Clustered Index Modification

  • I have a database with a lot of 'too-wide' clustered indexes, many of which include uniqueidentifiers. In almost every case, these are also the Primary Key.

    What I'd like to do is convert the primary keys as unique non-clustered indexes and move the clustered index onto a much smaller column, probably an identity column that I would generate solely for this purpose.

    Some of these columns have foreign keys as well. The database will not be online or operational during this process.

    The only way I can think of to do this right now is to create a large script that will:

    Drop all foreign key constraints

    Drop the primary key constraint

    Drop the clustered index.

    Create an identity column

    Create a new clustered index

    Re-Create the primary key constraint

    Re-Create the foreign key constraints.

    The constraints/fields etc. on all the 100+ tables I want to do this on are of course different, so there's probably a fair bit of work involved in creating said script. Before I go off down that path, I just wanted to kinda throw out a feeler and get ideas as to any better way to do this.

    Some additional notes:

    I am using SQL 2008.

    I have a copy of the RedGate SQL Toolbelt (Not sure if there is anything int here that'd help here, there are a lot of the utilities I haven't had time to explore yet)

    Seth Phelabaum


    Consistency is only a virtue if you're not a screwup. 😉

    Links: How to Post Sample Data[/url] :: Running Totals[/url] :: Tally Table[/url] :: Cross Tabs/Pivots[/url] :: String Concatenation[/url]

  • As far as the process goes, I think you have it right. The only suggestion I can make is to script the process. I'd open up PowerShell and put it to work. I recently did a, much smaller, much reduced, version of what you're going [/url]to do. You might be able to use it as a starting point.

    "The credit belongs to the man who is actually in the arena, whose face is marred by dust and sweat and blood"
    - Theodore Roosevelt

    Author of:
    SQL Server Execution Plans
    SQL Server Query Performance Tuning

  • Thanks for the feedback and the suggestions Grant. I'm still pretty useless at powershell, but I thinK I've figured out a pretty decent way to do it. I'll write a blog post with the code and a full explanation of what I did and link it here, but the gist of it is:

    1. Create a backup of the database.

    2. Restore that backup to a new database.

    3. Drop all foreign key constraints from the copy.

    4. Use Redgate SQL Compare to generate all the code to create the foreign key constraints again.

    5. Drop all foreign key constraints from the real DB.

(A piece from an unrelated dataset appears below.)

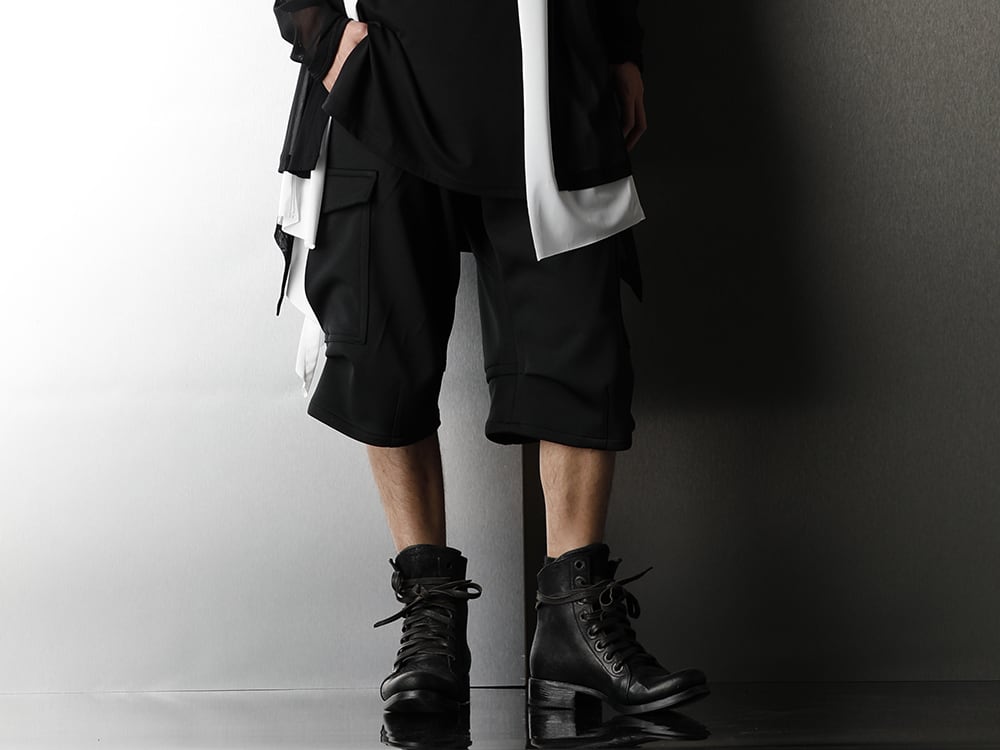 kiryuyrik 202SS Layered Flare Cardigane Styling - 3-001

    6. Write a script to drop the existing clustered index (either dropping the constraint if it's the PK or just the index if it's not), create a new identity column, create a new clustered index on the identity column and then create the primary key again (as a nonclustered index) or a unique index with the fields that were the clustered index.

    7. Run the SQL Compare Script to re-create all the foreign keys.

    For anyone else reading this after the fact, Remember of course that when I use the term 'real db', I'ms till talking about a dev copy, and the copy is a copy of that copy. I'm not doing this to a live database.

    Seth Phelabaum


    Consistency is only a virtue if you're not a screwup. 😉

    Links: How to Post Sample Data[/url] :: Running Totals[/url] :: Tally Table[/url] :: Cross Tabs/Pivots[/url] :: String Concatenation[/url]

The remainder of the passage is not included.